### Your assignment
In the records below, reproduce exactly the lines from the one containing "Interlocking G Small Calfskin Black" through the one containing "Norma Kamali Butterfly Mio Ruched Swimsuit", both included, and omit the pictures.
───── Extracted entries ─────
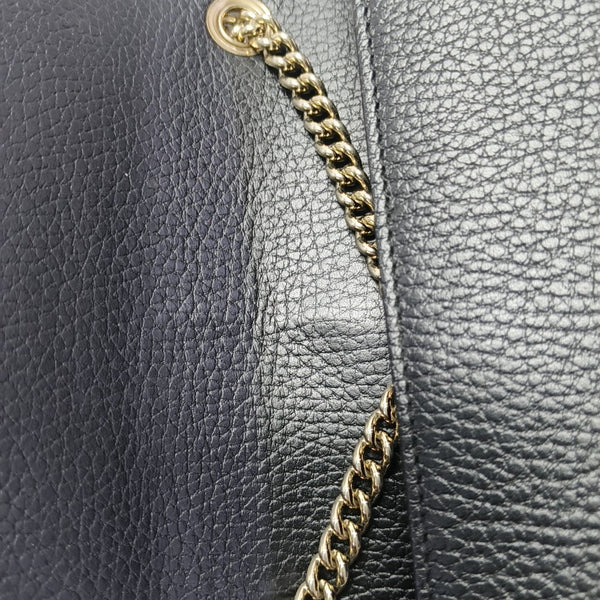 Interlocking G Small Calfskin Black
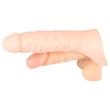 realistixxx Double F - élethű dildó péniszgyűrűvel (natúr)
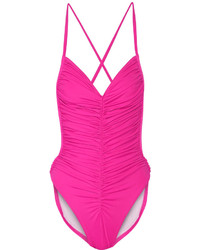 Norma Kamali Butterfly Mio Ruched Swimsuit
─────
───── Extracted entries ─────
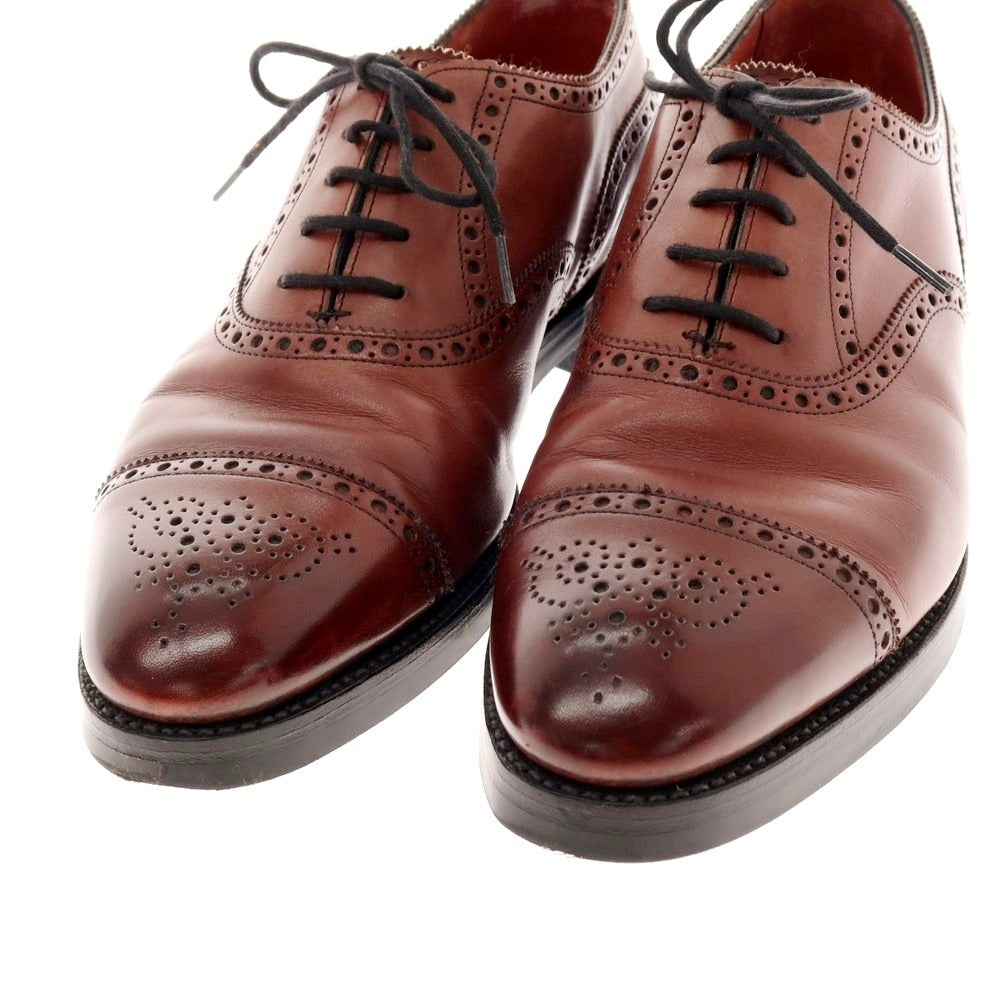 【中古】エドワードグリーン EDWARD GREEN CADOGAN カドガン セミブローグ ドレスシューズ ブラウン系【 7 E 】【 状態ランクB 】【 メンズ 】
─────
### Answer space
 Interlocking G Small Calfskin Black
 realistixxx Double F - élethű dildó péniszgyűrűvel (natúr)
 Norma Kamali Butterfly Mio Ruched Swimsuit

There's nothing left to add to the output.